As usual, pervasive cultural phenomena reach their apex on Wall Street. Last year was a financial horror show. Three of the biggest Wall Street banks suffered the worst quarterly losses in their histories. Shareholders lost more than $80 billion, according to Bloomberg. Yet Wall Street's five largest firms paid a record $39 billion in bonuses for 2007, up from the previous year, when they had logged their biggest profits ever. And that $39 billion figure isn't simply plumped by winners like Goldman Sachs either. Morgan Stanley's bonus pool rose 18 percent last year despite historic fourth-quarter losses.

Wall Street bosses used to justify paying big bonuses by arguing that they had no choice if they wanted to recruit top talent. Now the distinction between those who get it right and those who don't no longer exists. Failure is the new success. Traders face asymmetrical choices: massive upside if they win while wagering other people's money and zero personal downside if they lose. It doesn't matter what happens to the company as a whole.

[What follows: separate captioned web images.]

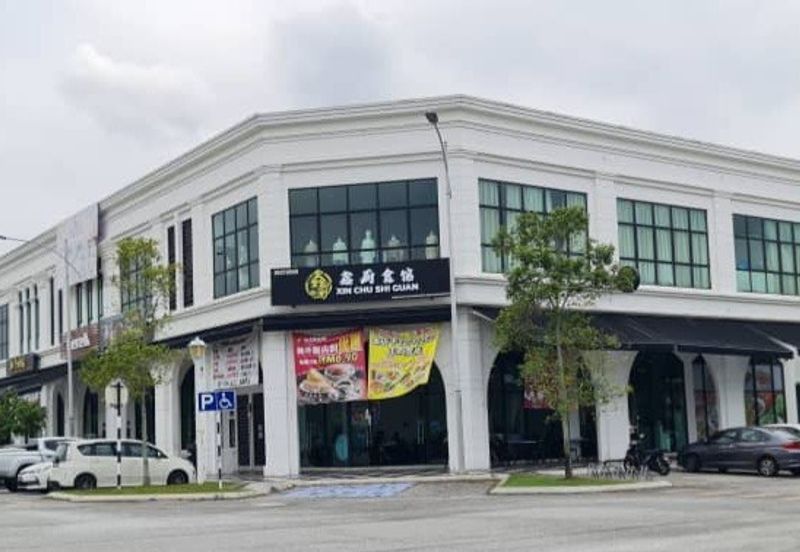 Whitten Eco Majestic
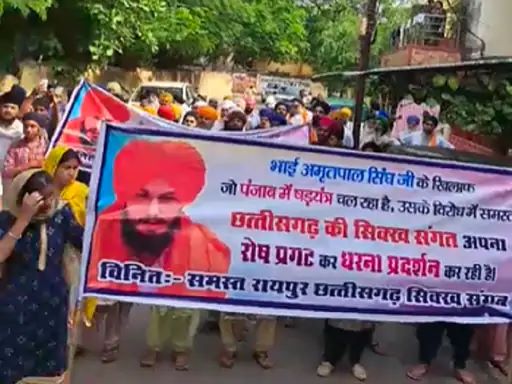 Alleged rally participants in support of Amritpal got wind - आयोजकों के सुर बदले, दलेर और हरप्रीत ने जारी किया वीडियो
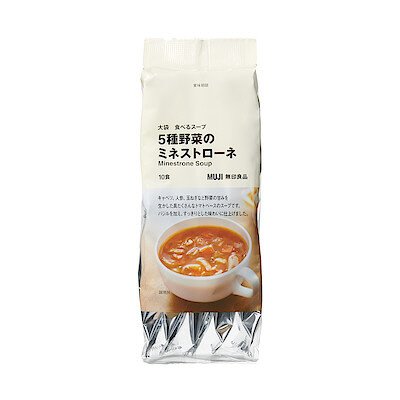 大袋　食べるスープ　５種野菜のミネストローネ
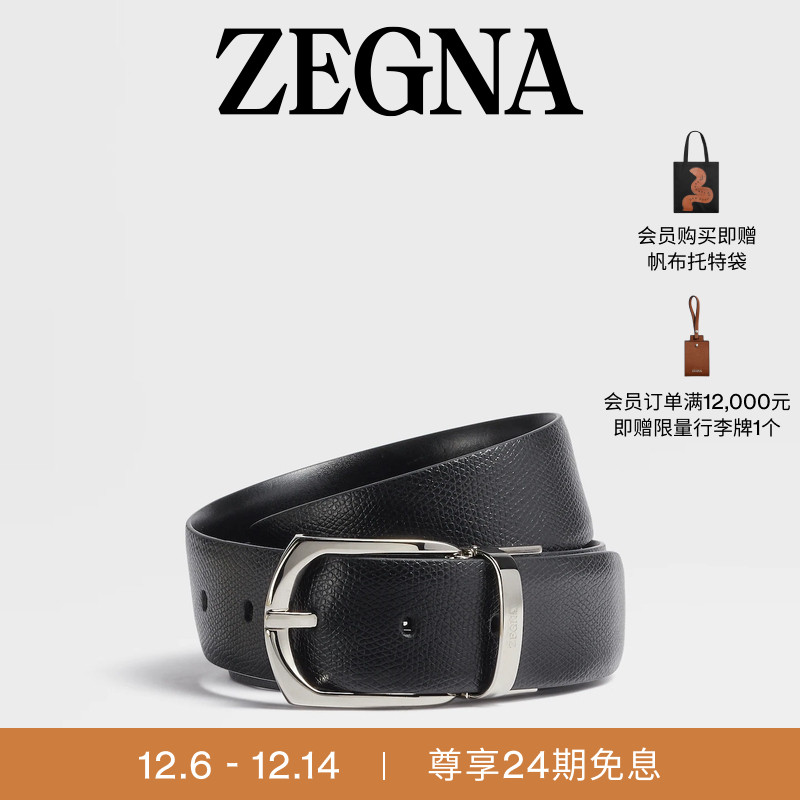 ZEGNA杰尼亚黑色双面皮带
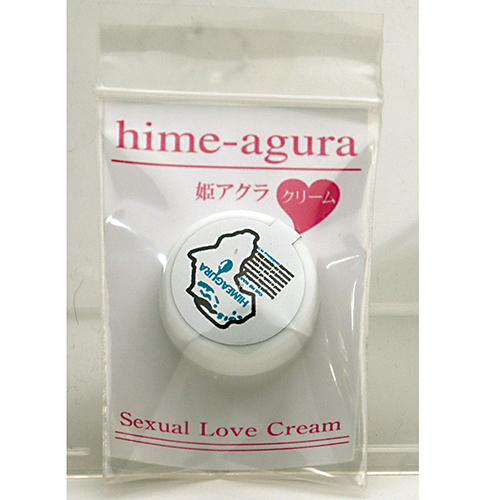 姫アグラ・ホワイトクリーム(1ml)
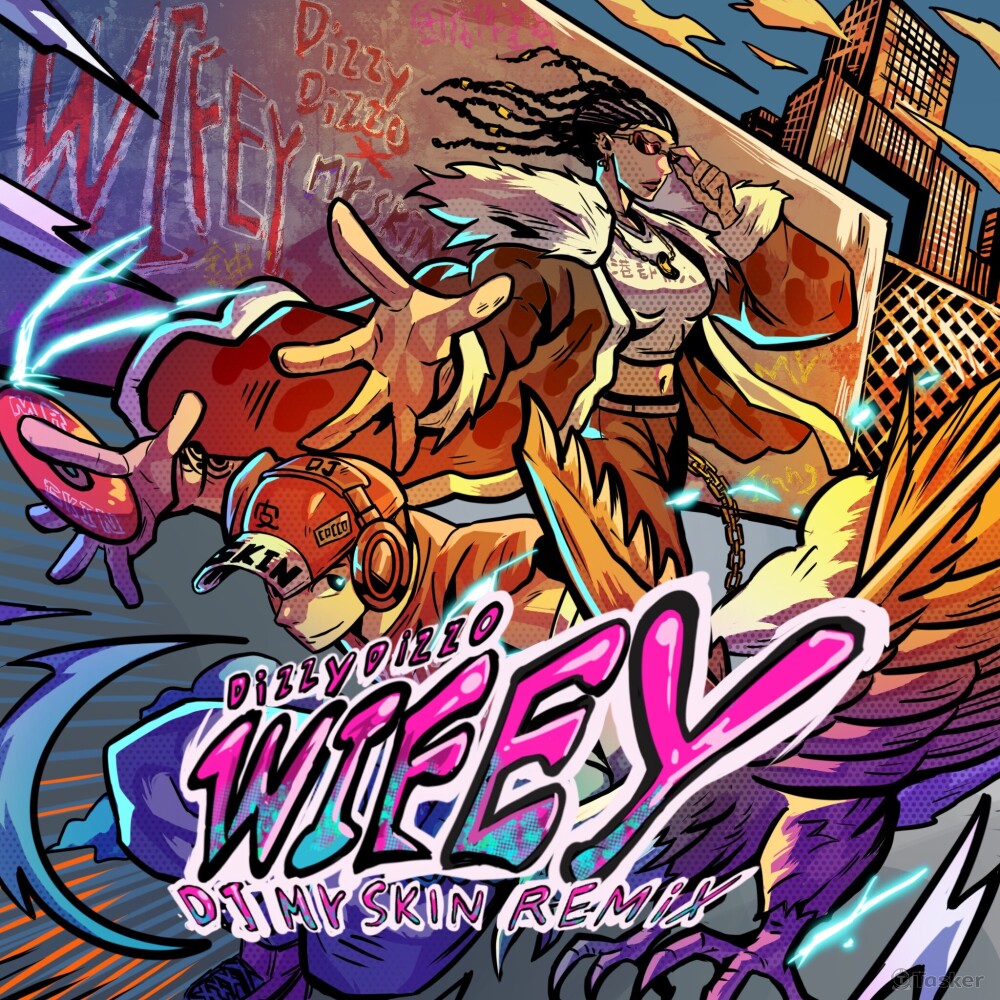 DJ賴皮 & Dizzy Dizzo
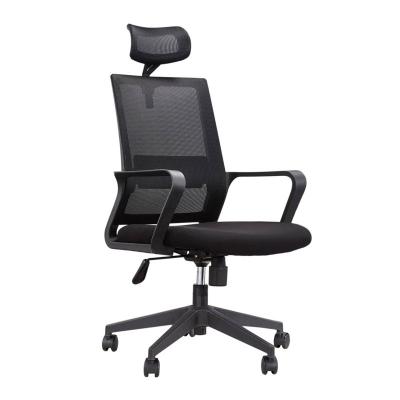 China Adjustable Ergonomic Swivel Furniture High Back (Height) Fancy Desk Chairs For Sale for sale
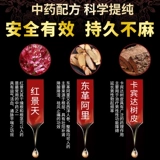 Японская мужская мазь, гель, долговременный эффект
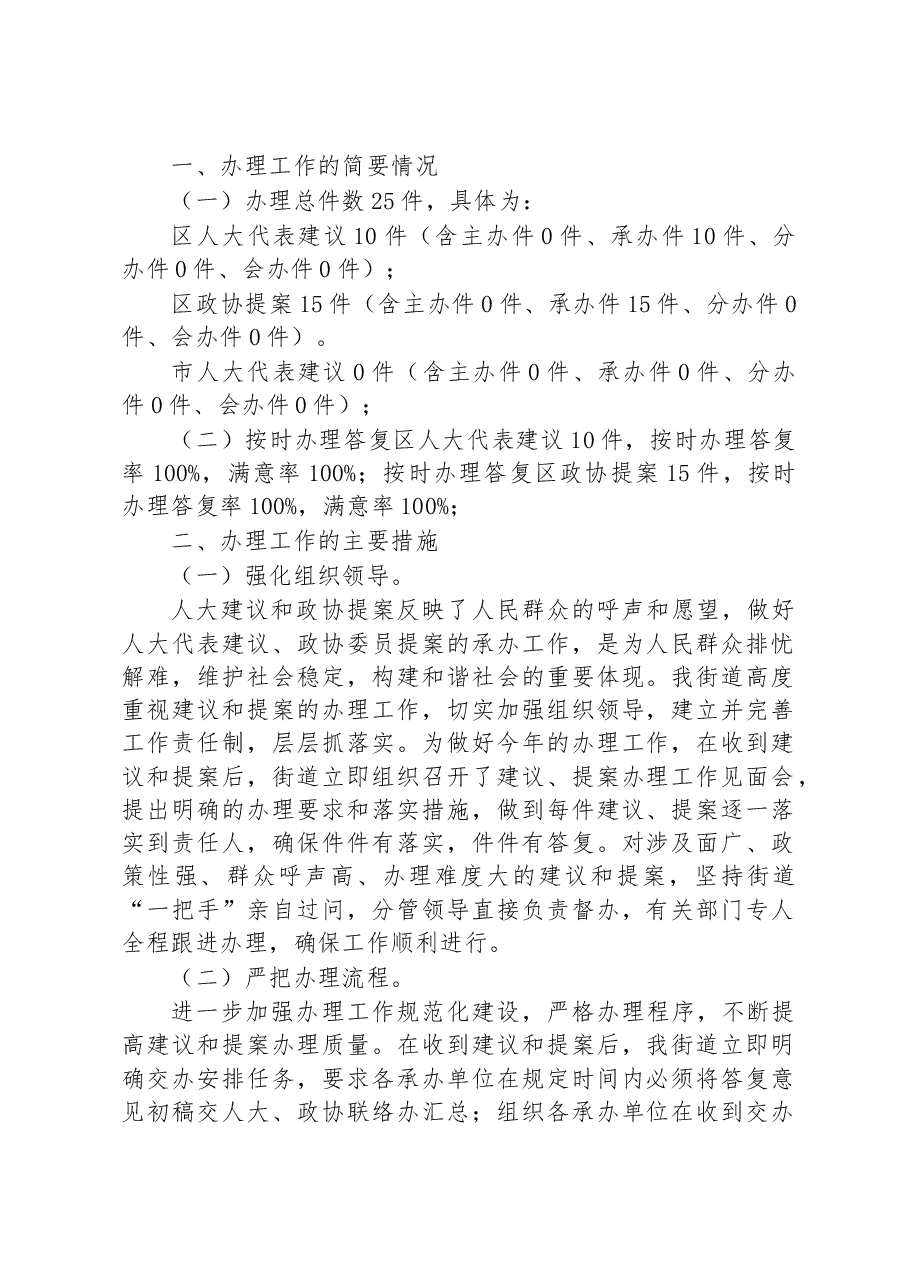 (4篇)2022年人大代表建议和政协提案的工作总结汇编.docx,第2页预览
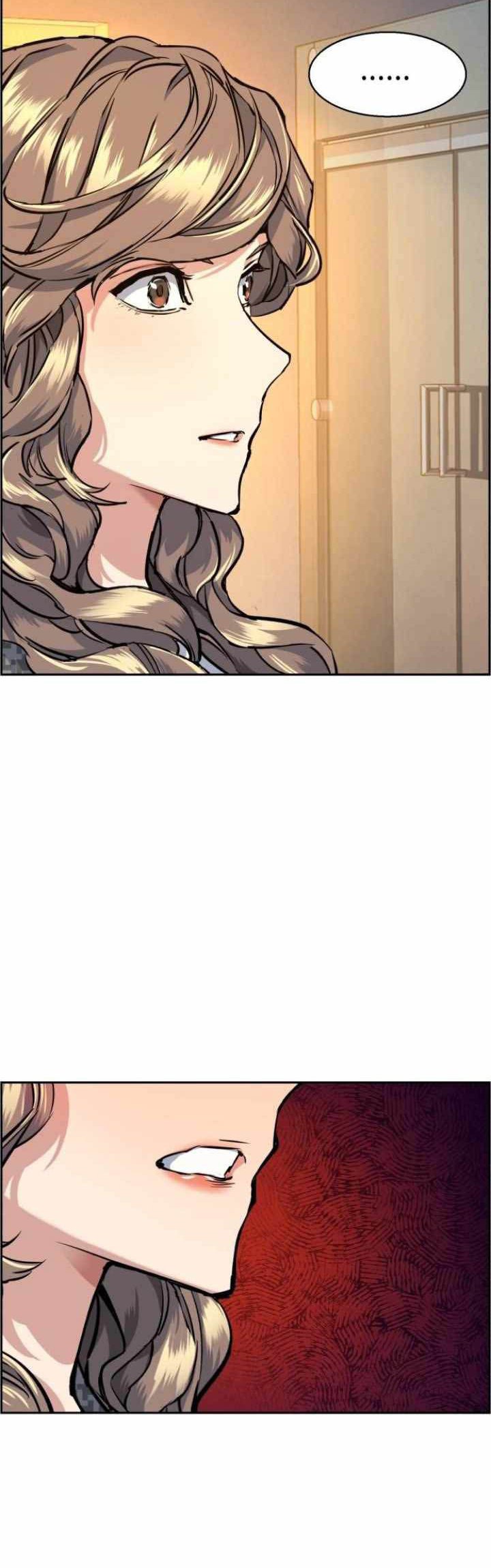 Read Mercenary Enrollment ID Manga Online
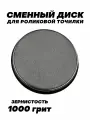 Сменный диск для роликовой точилки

As Harvard finance professor Randy Cohen explains, the way an employer would get maximum effort is to offer what's known as the "cement shoes" contract. If the employee does well, he becomes wealthy; if he doesn't, he's killed. Try finding someone to take that job. The rational employee will take a lower upside if promised something in the event of bad luck or failure.

"Attracting talent by guaranteeing they will make good money matters a lot more than incentivizing them by saying, 'If you screw up, you'll be panhandling,' " Cohen says. "Markets are not in the business of doling out proper rewards for morality."

Sure, there seem to have been sacrifices. We can bow our heads for Citigroup's Chuck Prince and Bear Stearns' James Cayne, neither of whom is likely to get another top job anytime soon. (Of course, we thought that about Nardelli too.) John Mack, Morgan Stanley's C.E.O., decided to go without a bonus in 2007. But such examples are only superficially consequential. Mack was paid more than $40 million in 2006 even though he encouraged moves that led to losses the following year—and beyond. As the Financial Times' Martin Wolf has pointed out, the calendar is an astronomical, not economic, phenomenon. Bankers shouldn't be paid based on the arbitrary rolling over of the year.

Eat, Drink, and Be Merry, for Tomorrow We Make More Money

When Cerberus Capital Management chose Nardelli to serve as the head of Chrysler, it gave us our patron saint of No-Consequences. Nardelli arrived at Home Depot ablaze with ideas about financial efficiencies but with little feel for his customers, suppliers, or employees. He bounced into one of the most delicate roles in American business, helming a company that is a symbol of the country's grand manufacturing past as well as its decaying present.